Si la diminution de la rémunération est telle qu'elle modifie fondamentalement les conditions du contrat de travail initial, elle pourrait être contestée par le salarié. La modification ne doit pas aboutir à une dégradation significative des conditions économiques du salarié, ce qui pourrait être perçu comme une rupture du contrat de travail initiée par l'employeur.

En pratique, une baisse de salaire qui entraînerait une réduction substantielle du revenu, sans raison valable liée à l'inaptitude du salarié et sans exploration préalable d'autres options, pourrait être considérée comme abusive et non conforme à l'obligation de reclassement.

Les droits du salarié en cas de reclassement inadapté

Si un salarié considère que le poste de reclassement proposé par l'employeur n'est pas conforme à ses obligations légales ou qu'il s'agit d'une offre déraisonnable, comme une baisse de salaire trop importante sans justification, il a plusieurs recours à sa disposition.

1. Droit de refuser le poste proposé

Le salarié a le droit de refuser une proposition de reclassement qu'il juge inadaptée ou déraisonnable. Toutefois, ce refus doit être motivé par des motifs légitimes. Par exemple, le salarié peut justifier son refus si le poste proposé est trop éloigné de son domicile, incompatible avec ses compétences ou si la baisse de salaire n'est pas justifiée par une adaptation nécessaire à son état de santé. Le refus ne doit pas être arbitraire et doit être en relation avec la non-conformité de l’offre aux obligations de reclassement.

2. Recours devant le conseil de prud’hommes

En cas de désaccord sur la proposition de reclassement, le salarié peut saisir le conseil de prud’hommes. Ce tribunal spécialisé dans les litiges du travail peut être sollicité pour examiner si l'employeur a respecté ses obligations de reclassement et si la proposition faite au salarié était raisonnable. Le conseil de prud’hommes a le pouvoir d’ordonner une réparation, comme des indemnités pour le salarié, si l’employeur est jugé en faute.

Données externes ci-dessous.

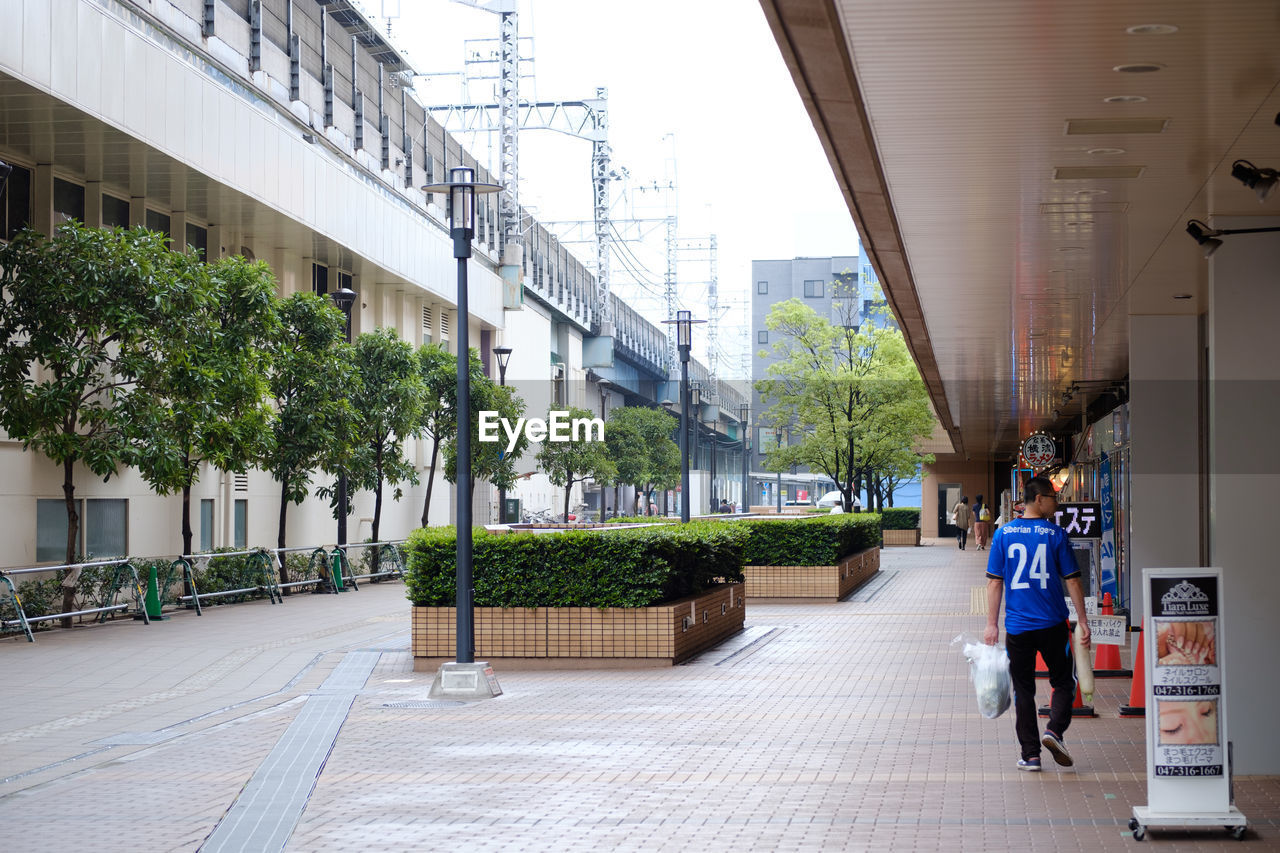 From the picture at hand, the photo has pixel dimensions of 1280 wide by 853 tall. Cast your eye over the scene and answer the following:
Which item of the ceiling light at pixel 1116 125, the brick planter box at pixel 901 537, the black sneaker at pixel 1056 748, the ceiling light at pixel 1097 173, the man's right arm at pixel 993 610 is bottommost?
the brick planter box at pixel 901 537

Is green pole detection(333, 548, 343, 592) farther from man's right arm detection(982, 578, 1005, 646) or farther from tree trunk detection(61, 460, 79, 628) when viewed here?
man's right arm detection(982, 578, 1005, 646)

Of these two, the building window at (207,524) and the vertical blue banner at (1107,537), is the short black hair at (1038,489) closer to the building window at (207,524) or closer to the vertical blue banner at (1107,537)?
the vertical blue banner at (1107,537)

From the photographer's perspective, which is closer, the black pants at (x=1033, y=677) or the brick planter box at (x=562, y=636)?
the black pants at (x=1033, y=677)

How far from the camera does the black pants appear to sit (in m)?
8.32

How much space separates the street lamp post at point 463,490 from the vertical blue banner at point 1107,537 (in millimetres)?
9210

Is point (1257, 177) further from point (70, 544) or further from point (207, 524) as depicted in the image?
point (207, 524)

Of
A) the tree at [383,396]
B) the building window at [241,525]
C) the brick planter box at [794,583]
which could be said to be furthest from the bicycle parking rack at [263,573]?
the brick planter box at [794,583]

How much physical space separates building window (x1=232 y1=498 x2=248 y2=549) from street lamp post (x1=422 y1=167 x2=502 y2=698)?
57.6ft

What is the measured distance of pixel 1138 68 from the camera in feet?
22.2

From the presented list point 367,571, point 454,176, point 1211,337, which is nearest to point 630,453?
point 367,571

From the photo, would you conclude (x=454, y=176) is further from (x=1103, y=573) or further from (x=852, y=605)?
(x=852, y=605)

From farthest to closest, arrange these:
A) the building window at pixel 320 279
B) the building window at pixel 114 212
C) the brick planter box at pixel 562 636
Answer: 1. the building window at pixel 320 279
2. the building window at pixel 114 212
3. the brick planter box at pixel 562 636

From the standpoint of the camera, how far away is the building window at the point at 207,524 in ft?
89.0

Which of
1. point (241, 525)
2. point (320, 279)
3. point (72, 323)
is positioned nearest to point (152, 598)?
point (72, 323) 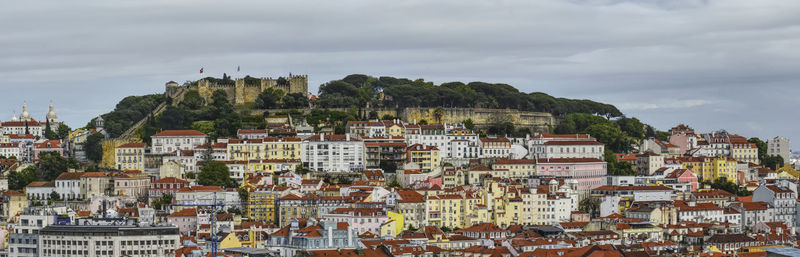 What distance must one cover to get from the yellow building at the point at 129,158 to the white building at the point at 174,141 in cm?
92

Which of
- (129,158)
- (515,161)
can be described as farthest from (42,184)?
(515,161)

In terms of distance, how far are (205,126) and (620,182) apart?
2328 cm

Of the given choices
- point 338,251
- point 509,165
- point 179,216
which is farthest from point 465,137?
point 338,251

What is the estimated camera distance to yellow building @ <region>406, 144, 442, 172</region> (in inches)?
2751

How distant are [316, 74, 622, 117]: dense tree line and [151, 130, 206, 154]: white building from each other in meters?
10.6

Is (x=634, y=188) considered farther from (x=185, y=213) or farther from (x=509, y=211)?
(x=185, y=213)

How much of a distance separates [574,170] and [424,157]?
307 inches

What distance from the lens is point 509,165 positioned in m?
69.0

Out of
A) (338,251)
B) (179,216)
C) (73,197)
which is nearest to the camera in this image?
(338,251)

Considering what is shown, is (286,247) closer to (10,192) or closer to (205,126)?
(10,192)

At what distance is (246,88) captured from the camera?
3241 inches

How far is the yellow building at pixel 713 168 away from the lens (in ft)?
244

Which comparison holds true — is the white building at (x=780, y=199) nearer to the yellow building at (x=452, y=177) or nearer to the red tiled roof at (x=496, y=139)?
the red tiled roof at (x=496, y=139)

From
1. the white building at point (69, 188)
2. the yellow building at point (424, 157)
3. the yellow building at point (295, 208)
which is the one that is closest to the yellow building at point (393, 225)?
the yellow building at point (295, 208) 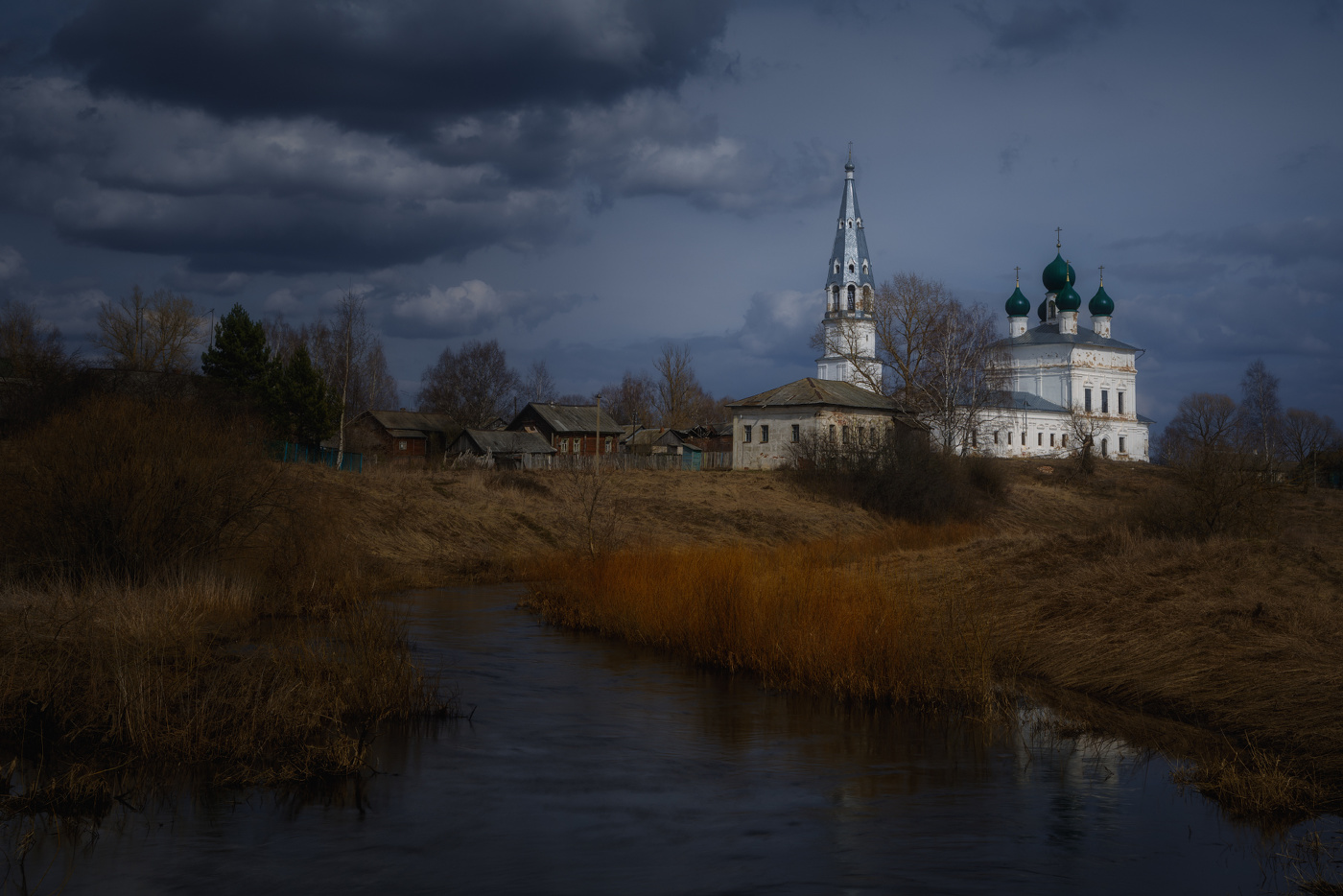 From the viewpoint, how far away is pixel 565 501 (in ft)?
133

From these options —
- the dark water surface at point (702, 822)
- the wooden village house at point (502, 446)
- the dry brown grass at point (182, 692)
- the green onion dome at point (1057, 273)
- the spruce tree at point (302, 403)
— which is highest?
the green onion dome at point (1057, 273)

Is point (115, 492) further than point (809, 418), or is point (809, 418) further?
point (809, 418)

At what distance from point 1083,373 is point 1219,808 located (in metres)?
82.2

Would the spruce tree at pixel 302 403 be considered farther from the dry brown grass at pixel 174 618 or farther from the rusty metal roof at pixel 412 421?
the dry brown grass at pixel 174 618

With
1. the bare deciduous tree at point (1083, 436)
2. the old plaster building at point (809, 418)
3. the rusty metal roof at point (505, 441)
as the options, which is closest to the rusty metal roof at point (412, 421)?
the rusty metal roof at point (505, 441)

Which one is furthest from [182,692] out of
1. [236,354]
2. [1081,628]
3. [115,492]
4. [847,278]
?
[847,278]

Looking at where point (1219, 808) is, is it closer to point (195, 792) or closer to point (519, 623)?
point (195, 792)

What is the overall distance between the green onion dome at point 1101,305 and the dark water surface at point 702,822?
8617cm

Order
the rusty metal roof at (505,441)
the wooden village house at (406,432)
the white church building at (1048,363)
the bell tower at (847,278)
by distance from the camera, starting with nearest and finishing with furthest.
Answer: the rusty metal roof at (505,441) < the wooden village house at (406,432) < the white church building at (1048,363) < the bell tower at (847,278)

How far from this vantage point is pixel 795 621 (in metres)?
14.5

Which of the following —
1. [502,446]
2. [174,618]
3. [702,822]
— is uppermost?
[502,446]

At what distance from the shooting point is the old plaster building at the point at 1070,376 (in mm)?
82188

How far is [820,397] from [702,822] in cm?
4946

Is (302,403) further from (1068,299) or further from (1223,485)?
(1068,299) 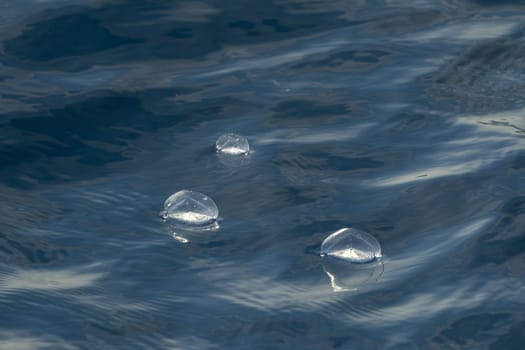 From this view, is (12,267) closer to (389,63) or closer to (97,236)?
(97,236)

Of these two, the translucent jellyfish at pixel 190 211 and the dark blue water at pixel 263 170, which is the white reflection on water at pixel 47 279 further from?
the translucent jellyfish at pixel 190 211

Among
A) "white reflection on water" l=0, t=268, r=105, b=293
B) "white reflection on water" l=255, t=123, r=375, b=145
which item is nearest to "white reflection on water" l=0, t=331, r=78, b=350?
"white reflection on water" l=0, t=268, r=105, b=293

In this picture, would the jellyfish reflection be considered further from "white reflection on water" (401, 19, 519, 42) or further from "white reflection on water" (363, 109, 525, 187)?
"white reflection on water" (401, 19, 519, 42)

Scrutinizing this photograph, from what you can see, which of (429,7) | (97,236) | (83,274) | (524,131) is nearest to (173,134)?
(97,236)

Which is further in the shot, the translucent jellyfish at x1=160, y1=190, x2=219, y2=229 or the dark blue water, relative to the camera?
the translucent jellyfish at x1=160, y1=190, x2=219, y2=229

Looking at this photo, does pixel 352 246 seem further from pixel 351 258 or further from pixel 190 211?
pixel 190 211

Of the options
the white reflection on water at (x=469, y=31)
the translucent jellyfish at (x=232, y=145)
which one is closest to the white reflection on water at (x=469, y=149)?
the translucent jellyfish at (x=232, y=145)

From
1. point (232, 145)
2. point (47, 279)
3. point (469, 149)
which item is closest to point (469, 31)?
point (469, 149)
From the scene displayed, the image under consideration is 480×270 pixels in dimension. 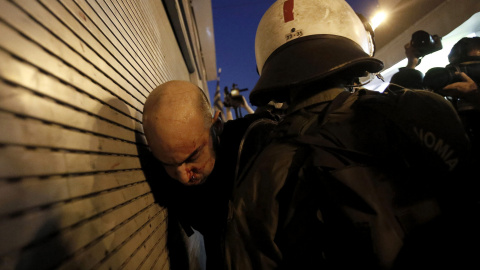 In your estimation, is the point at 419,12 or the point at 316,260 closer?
the point at 316,260

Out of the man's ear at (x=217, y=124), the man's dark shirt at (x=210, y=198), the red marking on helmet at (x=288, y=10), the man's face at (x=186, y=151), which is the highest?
the red marking on helmet at (x=288, y=10)

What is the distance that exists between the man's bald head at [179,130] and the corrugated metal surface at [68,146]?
0.71ft

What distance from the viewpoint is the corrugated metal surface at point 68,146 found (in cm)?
83

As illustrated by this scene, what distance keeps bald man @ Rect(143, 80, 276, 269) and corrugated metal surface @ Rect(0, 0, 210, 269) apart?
0.28 m

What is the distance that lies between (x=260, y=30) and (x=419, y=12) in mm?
7732

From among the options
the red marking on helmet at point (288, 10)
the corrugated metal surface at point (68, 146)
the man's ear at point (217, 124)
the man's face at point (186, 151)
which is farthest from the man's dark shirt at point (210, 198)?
the red marking on helmet at point (288, 10)

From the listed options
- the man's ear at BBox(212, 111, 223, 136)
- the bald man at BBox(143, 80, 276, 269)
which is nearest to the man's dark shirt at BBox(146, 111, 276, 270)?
the bald man at BBox(143, 80, 276, 269)

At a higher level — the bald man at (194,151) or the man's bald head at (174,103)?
the man's bald head at (174,103)

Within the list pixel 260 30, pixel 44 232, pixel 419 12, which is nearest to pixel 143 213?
pixel 44 232

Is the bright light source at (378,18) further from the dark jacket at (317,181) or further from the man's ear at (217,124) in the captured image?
the dark jacket at (317,181)

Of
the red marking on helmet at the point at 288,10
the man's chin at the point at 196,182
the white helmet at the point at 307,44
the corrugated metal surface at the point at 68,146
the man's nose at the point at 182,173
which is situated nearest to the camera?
the corrugated metal surface at the point at 68,146

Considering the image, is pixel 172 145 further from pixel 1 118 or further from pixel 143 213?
pixel 1 118

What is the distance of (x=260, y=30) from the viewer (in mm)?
2121

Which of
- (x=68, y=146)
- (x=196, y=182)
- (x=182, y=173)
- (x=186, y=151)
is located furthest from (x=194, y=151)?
(x=68, y=146) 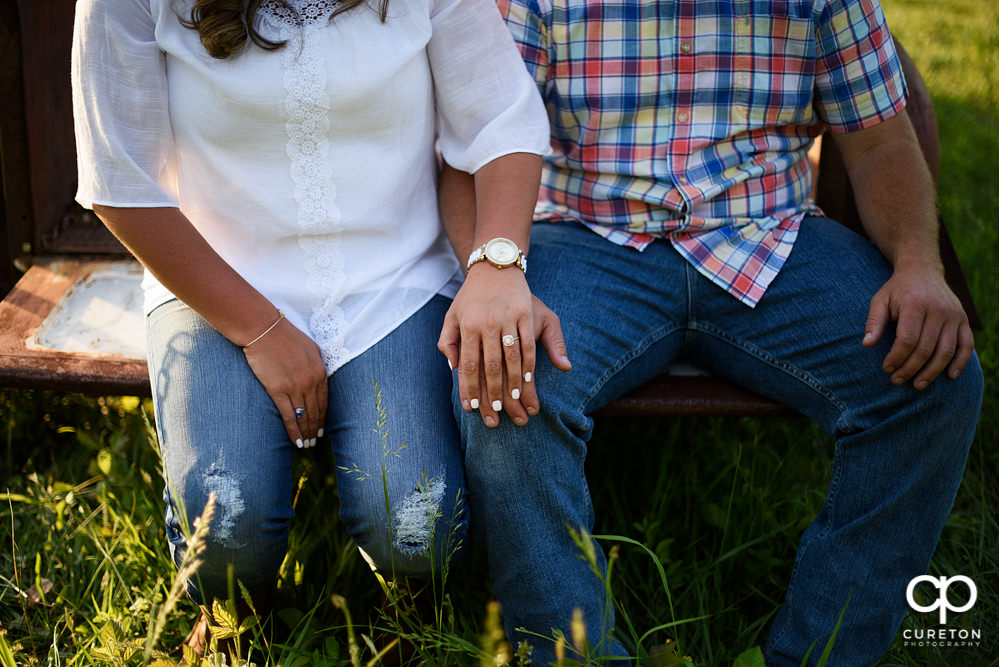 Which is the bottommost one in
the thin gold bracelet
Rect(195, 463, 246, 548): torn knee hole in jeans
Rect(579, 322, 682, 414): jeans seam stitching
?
Rect(195, 463, 246, 548): torn knee hole in jeans

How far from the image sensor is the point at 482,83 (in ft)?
6.30

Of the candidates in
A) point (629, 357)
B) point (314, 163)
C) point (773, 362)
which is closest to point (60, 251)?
point (314, 163)

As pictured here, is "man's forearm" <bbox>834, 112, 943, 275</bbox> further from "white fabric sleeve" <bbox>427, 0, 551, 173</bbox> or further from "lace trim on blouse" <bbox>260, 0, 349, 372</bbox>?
"lace trim on blouse" <bbox>260, 0, 349, 372</bbox>

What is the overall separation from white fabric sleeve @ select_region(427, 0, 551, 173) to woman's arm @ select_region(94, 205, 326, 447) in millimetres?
552

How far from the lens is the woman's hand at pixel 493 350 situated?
5.59 ft

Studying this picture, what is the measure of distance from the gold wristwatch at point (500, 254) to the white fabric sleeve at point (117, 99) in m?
0.62

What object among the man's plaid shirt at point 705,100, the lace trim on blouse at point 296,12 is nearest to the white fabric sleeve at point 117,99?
the lace trim on blouse at point 296,12

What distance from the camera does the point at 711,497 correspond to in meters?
2.46

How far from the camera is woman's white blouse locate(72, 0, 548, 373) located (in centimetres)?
170

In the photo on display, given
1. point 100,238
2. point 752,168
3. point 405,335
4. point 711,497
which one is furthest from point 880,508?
point 100,238

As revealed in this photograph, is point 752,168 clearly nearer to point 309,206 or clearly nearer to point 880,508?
point 880,508

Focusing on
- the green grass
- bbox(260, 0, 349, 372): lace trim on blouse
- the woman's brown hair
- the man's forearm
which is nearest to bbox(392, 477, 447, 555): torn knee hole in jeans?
the green grass

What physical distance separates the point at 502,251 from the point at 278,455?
24.2 inches

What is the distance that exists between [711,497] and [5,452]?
2.12 m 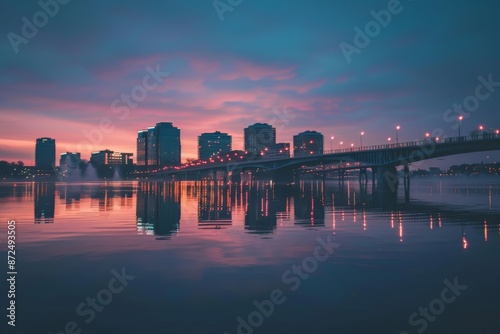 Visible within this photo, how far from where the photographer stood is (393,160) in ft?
313

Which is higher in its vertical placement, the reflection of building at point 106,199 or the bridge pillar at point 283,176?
the bridge pillar at point 283,176

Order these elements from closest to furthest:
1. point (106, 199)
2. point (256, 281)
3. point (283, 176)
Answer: point (256, 281) < point (106, 199) < point (283, 176)

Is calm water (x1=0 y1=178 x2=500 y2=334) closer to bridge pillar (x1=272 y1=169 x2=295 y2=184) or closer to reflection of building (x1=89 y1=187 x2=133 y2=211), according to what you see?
reflection of building (x1=89 y1=187 x2=133 y2=211)

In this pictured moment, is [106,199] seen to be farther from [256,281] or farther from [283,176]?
[283,176]

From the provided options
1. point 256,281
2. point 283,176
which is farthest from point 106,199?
point 283,176

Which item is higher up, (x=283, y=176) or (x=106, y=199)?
(x=283, y=176)

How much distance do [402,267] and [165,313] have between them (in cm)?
1019

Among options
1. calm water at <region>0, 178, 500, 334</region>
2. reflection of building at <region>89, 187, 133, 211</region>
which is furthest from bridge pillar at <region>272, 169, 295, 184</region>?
calm water at <region>0, 178, 500, 334</region>

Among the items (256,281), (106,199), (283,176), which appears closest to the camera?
(256,281)

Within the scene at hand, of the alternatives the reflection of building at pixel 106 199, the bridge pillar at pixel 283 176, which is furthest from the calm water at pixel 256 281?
the bridge pillar at pixel 283 176

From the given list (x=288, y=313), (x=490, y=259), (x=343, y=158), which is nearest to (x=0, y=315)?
(x=288, y=313)

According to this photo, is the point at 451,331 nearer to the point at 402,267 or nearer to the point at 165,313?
the point at 402,267

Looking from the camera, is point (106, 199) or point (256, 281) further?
point (106, 199)

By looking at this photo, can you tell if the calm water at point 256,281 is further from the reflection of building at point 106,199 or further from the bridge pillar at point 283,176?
the bridge pillar at point 283,176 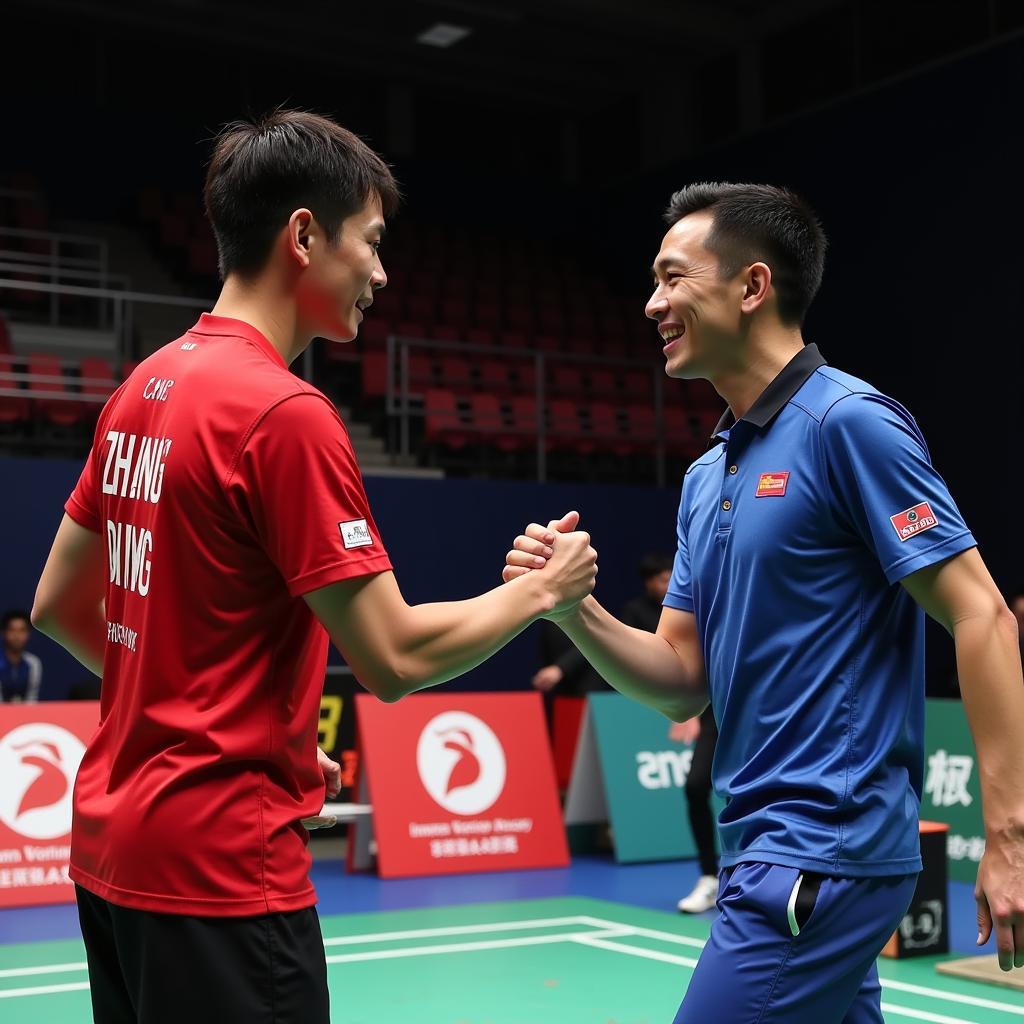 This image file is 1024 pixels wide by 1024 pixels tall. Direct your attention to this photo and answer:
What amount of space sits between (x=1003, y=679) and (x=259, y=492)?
1.23 m

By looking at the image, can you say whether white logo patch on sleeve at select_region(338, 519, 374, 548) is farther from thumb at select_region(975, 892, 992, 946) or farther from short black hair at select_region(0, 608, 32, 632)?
short black hair at select_region(0, 608, 32, 632)

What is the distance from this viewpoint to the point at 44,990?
20.2ft

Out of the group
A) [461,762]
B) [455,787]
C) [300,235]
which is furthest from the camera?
[461,762]

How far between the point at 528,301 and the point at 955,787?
1064 cm

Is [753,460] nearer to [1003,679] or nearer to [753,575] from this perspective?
[753,575]

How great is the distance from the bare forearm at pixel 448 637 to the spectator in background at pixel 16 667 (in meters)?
9.19

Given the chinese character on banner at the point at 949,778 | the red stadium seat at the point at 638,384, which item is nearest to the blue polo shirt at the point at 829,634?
the chinese character on banner at the point at 949,778

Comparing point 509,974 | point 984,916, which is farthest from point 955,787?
point 984,916

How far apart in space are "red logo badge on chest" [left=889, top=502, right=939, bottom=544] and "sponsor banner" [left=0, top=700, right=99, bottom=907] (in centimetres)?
655

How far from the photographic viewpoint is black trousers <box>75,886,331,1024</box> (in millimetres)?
2062

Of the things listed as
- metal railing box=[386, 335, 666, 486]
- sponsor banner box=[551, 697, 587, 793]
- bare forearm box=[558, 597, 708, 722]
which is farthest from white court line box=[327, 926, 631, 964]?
A: metal railing box=[386, 335, 666, 486]

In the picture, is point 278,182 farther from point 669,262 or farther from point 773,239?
point 773,239

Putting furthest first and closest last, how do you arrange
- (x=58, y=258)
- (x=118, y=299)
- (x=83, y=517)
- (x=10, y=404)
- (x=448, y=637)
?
1. (x=58, y=258)
2. (x=118, y=299)
3. (x=10, y=404)
4. (x=83, y=517)
5. (x=448, y=637)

3. Conséquences si aucun reclassement n'est possible

Si l'employeur ne peut proposer aucun poste de reclassement compatible avec l'inaptitude du salarié, ou si toutes les propositions sont refusées pour des raisons légitimes, l’employeur peut alors envisager un licenciement pour inaptitude. Ce licenciement doit être justifié par l'impossibilité de reclasser le salarié dans l'entreprise, après avoir exploré toutes les possibilités.

Dans le cas d’un licenciement pour inaptitude, le salarié a droit à des indemnités de licenciement, conformément aux dispositions légales et aux conventions collectives applicables. Ces indemnités sont calculées en fonction de l'ancienneté du salarié et du montant de sa rémunération. De plus, le salarié a droit à une indemnité compensatrice de préavis s'il est licencié pour inaptitude non professionnelle, ainsi qu'à une indemnité compensatrice de congés payés.

En résumé, bien que la loi permette une certaine flexibilité en matière de reclassement pour les salariés inaptes, toute proposition de baisse de salaire doit être justifiée, raisonnable et en conformité avec les obligations légales. L’employeur doit prouver qu’il a épuisé toutes les autres options avant d’envisager une diminution de la rémunération, et le salarié a le droit de contester toute proposition qu’il juge injuste ou non conforme à ses droits.

Conclusion

La question de savoir si un employeur peut proposer un reclassement avec une baisse de salaire dépend des circonstances et des efforts de l’employeur pour trouver des solutions adaptées au salarié inapte. Les décisions récentes de la jurisprudence montrent une certaine souplesse, permettant une diminution de salaire si cela est conforme aux recommandations médicales et que toutes les autres options ont été épuisées.

Cependant, l’employeur doit veiller à respecter les droits des salariés et à documenter minutieusement ses démarches pour éviter tout contentieux.

En cas de doute ou de litige, il est fortement recommandé n'hésitez pas à nous interroger depuis la page d'accueil un juriste prendra attache avec vous

FAQ : Reclassement d’un salarié inapte et baisse de salaire

Quels sont les critères légaux pour juger une baisse de salaire acceptable lors d'un reclassement ?

Pour qu'une baisse de salaire soit jugée acceptable lors d'un reclassement, l'employeur doit démontrer que toutes les autres options de reclassement ont été épuisées et que la proposition faite est en conformité avec les recommandations médicales. Selon la jurisprudence, une réduction de salaire peut être envisagée uniquement si le poste proposé est adapté aux capacités du salarié et que la baisse est justifiée par des contraintes objectives liées à l’inaptitude du salarié.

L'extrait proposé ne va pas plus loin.